I know it’s a Quentin Tarantino movie, and that’s one of the elements you’d to expect when watching one, but this film’s dialogue wasn’t that interesting if I’m being honest. Yes, it’s great listening to a group of girls talk about sex and shit (I use that word loosely – they didn’t once bring up scatology), but after a while it becomes an impotent affair.

The film is split into two acts. The first act follows a group of girls to a bar, who are soon to get killed by some weird stalker guy with a stunt car that he’s dubbed ‘death proof’. His name is Stuntman Mike (played by Kirk Russell). I wished his character was developed more: it was a bit too one-dimensional for my liking. We don’t even know why he’s stalking these girls and killing them! Sure, it hints at how he possibly gets a sexual kick out of it, but to me, the viewer, it just comes a cross as cowardly to the highest degree. I would have liked the film to have explored this avenue more, giving Stuntman Mike more depth to why he’s hell bent on killing people, using his car.

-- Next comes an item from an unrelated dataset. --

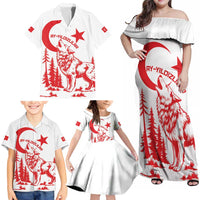 Custom Turkey Football Family Matching Off Shoulder Maxi Dress and Hawaiian Shirt Turkyie Wolf With Crescent-Stars
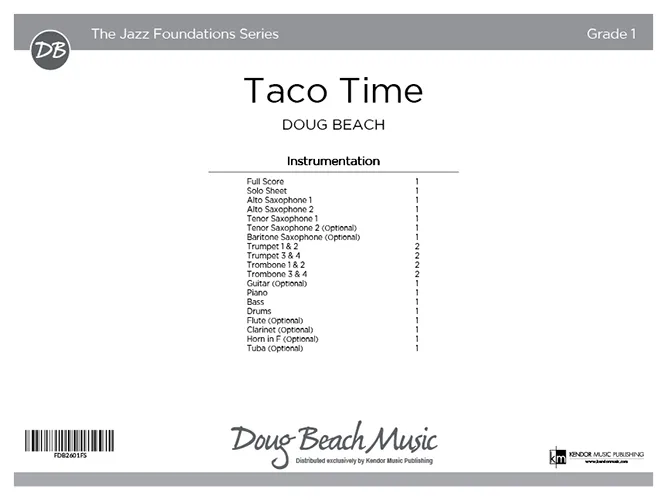 Kendor Music Taco Time partitura Full Score latin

Don’t get me wrong – I did enjoy parts of this film, such as when one of the girls gave Stuntman Mike a lap dance in the bar. I liked the fact she was wearing flip flops whilst she was doing it (the director apparently has a foot fetish). Come to think of it, there is a lot of exposed feet in this flick, which tells me that this Quentin isn’t afraid to indulge in his desires, which is fine – just don’t bore me (like you did with the dialogue). It’s a shame the film didn’t keep to the tone of the latter half of the movie, because if he’d kept the tone a 100% goofy violent comedy, then this could have been [possibly] my favourite movie by him, but instead it falls short of that mark by a long way. I don’t know a lot about the back story of this, but it comes off as a rushed project, or a project with no real focused identity or vision, which is strange considering what he’s done previously and after this film.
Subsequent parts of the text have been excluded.